COMMENTARY Terrorism

Iran’s Latest American Hostages: Is a Deal in the Works?

May 25, 2010 2 min read
COMMENTARY BY

Former Visiting Fellow, Allison Center

James Phillips was a Visiting Fellow for Middle Eastern affairs at The Heritage Foundation.

Three American hikers who apparently strayed across Iran’s border with Iraq have become pawns in Iran’s cynical game of foreign policy blackmail. Shane Bauer, Josh Fattal and Sarah Shourd have been held in prison since being arrested last July on a hiking trip, after Iranian officials alleged that they crossed the poorly-marked border. Last week their mothers were allowed to travel to Tehran to meet with their imprisoned children, a sign that Iran’s thuggish regime believes that its bargaining leverage will be enhanced by publicizing the hostages’ plight.

Iran’s Intelligence Minister, Heydar Moslehi, told reporters on Sunday that “It is clear that the three Americans are spies,” despite the fact that the hikers have not been formally charged and the Iranians have produced no evidence to support their unfounded accusations.
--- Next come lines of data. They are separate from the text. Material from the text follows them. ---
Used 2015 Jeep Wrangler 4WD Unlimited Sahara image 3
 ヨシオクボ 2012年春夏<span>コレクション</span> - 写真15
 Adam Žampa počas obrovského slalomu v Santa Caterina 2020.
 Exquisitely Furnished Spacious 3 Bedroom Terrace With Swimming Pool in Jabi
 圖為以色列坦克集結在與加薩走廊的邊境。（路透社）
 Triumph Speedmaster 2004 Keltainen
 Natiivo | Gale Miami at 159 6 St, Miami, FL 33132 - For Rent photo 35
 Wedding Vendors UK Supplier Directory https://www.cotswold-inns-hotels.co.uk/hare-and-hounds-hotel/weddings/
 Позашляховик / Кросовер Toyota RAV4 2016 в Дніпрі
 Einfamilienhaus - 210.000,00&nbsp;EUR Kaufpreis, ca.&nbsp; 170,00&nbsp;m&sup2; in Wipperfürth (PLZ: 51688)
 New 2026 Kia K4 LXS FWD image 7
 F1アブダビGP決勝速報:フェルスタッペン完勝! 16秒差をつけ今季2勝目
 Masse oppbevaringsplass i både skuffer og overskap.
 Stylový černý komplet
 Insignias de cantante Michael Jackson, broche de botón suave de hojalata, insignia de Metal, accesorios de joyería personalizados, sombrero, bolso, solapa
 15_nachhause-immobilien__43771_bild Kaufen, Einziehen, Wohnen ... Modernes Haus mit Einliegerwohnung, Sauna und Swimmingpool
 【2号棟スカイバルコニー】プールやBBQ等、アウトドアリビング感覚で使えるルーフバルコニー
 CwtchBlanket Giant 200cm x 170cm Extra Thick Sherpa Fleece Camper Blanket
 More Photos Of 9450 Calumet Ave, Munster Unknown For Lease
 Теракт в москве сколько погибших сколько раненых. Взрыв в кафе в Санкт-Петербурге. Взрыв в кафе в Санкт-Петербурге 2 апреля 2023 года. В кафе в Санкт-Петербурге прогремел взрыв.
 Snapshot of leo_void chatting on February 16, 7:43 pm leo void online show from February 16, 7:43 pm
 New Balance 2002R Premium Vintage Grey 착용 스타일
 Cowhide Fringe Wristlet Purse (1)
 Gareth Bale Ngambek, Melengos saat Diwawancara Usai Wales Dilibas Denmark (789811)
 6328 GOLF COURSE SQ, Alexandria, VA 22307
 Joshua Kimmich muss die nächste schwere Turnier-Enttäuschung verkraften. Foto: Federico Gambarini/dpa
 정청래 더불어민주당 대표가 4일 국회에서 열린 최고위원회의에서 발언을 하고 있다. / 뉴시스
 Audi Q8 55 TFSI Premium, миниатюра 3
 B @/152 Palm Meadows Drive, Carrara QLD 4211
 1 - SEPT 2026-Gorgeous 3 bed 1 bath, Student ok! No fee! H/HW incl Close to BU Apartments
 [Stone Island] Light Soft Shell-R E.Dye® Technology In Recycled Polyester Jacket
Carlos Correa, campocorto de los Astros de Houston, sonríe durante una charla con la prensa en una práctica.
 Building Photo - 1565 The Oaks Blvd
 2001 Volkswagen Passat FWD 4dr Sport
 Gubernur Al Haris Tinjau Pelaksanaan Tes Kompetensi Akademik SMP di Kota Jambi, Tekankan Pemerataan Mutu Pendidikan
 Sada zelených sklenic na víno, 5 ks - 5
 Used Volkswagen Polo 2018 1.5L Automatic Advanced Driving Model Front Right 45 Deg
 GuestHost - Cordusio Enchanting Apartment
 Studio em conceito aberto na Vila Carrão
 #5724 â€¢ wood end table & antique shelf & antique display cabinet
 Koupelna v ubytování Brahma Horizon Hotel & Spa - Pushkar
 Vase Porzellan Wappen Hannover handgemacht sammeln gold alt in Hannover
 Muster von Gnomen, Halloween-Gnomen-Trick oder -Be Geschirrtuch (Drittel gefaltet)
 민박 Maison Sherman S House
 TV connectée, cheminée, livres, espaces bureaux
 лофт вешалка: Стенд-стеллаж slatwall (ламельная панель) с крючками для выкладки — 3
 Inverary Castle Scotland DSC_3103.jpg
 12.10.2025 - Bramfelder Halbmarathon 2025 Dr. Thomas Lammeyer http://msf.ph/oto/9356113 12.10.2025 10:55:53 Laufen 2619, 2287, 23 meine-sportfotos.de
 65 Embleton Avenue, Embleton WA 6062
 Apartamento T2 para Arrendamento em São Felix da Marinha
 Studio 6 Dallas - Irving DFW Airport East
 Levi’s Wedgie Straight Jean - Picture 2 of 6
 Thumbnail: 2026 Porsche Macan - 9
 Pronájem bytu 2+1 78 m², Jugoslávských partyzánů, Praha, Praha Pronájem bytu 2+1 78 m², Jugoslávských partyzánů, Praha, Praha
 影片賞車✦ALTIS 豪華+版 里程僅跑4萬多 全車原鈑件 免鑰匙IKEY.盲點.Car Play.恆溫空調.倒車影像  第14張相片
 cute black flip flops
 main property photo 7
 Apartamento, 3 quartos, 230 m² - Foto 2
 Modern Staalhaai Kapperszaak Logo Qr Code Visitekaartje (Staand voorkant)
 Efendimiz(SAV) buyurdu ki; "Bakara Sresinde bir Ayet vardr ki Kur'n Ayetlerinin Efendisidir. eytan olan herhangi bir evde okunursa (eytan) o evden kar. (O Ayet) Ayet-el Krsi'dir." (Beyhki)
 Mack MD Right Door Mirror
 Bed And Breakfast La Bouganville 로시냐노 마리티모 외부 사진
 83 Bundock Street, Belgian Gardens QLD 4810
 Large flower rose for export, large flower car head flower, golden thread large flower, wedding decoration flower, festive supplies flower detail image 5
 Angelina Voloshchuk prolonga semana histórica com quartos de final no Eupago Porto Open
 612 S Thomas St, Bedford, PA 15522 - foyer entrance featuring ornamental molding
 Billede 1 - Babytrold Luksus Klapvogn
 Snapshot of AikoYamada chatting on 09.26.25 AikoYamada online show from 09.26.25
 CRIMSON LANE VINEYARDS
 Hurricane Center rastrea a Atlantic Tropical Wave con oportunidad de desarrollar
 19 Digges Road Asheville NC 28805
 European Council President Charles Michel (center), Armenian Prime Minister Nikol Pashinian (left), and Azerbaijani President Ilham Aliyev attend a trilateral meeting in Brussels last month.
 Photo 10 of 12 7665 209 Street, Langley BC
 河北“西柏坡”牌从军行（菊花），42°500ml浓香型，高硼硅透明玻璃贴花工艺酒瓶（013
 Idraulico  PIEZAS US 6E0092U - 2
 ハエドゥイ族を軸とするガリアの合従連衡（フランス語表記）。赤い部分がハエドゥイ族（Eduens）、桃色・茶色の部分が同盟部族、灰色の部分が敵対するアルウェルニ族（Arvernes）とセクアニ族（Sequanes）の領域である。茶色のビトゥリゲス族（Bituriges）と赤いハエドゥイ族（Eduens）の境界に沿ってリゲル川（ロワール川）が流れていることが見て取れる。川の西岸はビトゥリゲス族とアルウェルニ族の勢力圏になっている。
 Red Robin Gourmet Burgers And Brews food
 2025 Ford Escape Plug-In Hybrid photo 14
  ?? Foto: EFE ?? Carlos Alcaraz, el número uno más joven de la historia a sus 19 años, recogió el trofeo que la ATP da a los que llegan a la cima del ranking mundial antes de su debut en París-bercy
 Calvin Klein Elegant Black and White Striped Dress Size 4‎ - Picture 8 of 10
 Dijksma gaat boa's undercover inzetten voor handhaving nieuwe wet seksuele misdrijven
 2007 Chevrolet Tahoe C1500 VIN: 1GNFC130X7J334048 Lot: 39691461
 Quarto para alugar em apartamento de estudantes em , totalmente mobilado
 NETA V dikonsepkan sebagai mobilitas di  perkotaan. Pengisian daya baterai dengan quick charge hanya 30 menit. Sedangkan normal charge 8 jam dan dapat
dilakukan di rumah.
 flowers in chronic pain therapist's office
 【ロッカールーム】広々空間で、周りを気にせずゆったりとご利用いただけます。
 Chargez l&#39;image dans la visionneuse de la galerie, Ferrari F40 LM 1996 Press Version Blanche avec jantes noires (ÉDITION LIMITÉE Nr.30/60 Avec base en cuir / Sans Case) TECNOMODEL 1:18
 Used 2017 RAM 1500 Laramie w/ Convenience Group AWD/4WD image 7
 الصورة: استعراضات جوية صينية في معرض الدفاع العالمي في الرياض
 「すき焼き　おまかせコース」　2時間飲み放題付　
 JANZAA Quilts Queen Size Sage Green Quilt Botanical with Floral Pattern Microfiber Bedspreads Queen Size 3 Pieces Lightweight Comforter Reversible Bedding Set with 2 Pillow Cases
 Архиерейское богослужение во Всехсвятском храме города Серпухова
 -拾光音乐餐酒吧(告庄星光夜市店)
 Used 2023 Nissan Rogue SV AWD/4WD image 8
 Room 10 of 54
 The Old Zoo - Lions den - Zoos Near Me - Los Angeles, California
If they are found guilty of espionage in Iran’s arbitrary judicial system, they could face a death sentence.

Moslehi and other Iranian officials have hinted at a prisoner swap and have produced a list of 11 Iranians that they say are in custody in the United States or in third countries. At least one of the Iranians is believed to have defected from the government during a religious pilgrimage to Saudi Arabia. Others have been jailed for smuggling arms or advanced technology to Iran.

Last September, Iranian President Mahmoud Ahmadinejad suggested that the three Americans could be released in return for the release of Iranians held in Iraq, who were Revolutionary Guards captured while posing as “diplomats.”

Secretary of State Hillary Clinton correctly rejected the idea of a prisoner swap in February. But the release of two Iranians in Iraqi custody last week, the day after the hikers’ mothers were allowed to see their children, has raised speculation about whether a backroom deal with Iran is in the works.

Taking hostages is a long-established tactic of Iran’s radical Islamist regime, which consolidated power in 1979 by exploiting the American hostages seized at the U.S. Embassy in Tehran. The three hapless hikers are only the latest in a long list of hostages that Tehran has taken, which also includes Robert Levinson, an American citizen who disappeared in Iran in 2007. History has shown that negotiating with Tehran to free hostages has encouraged it to take further hostages. Let’s hope that the Obama Administration is not going down that road again.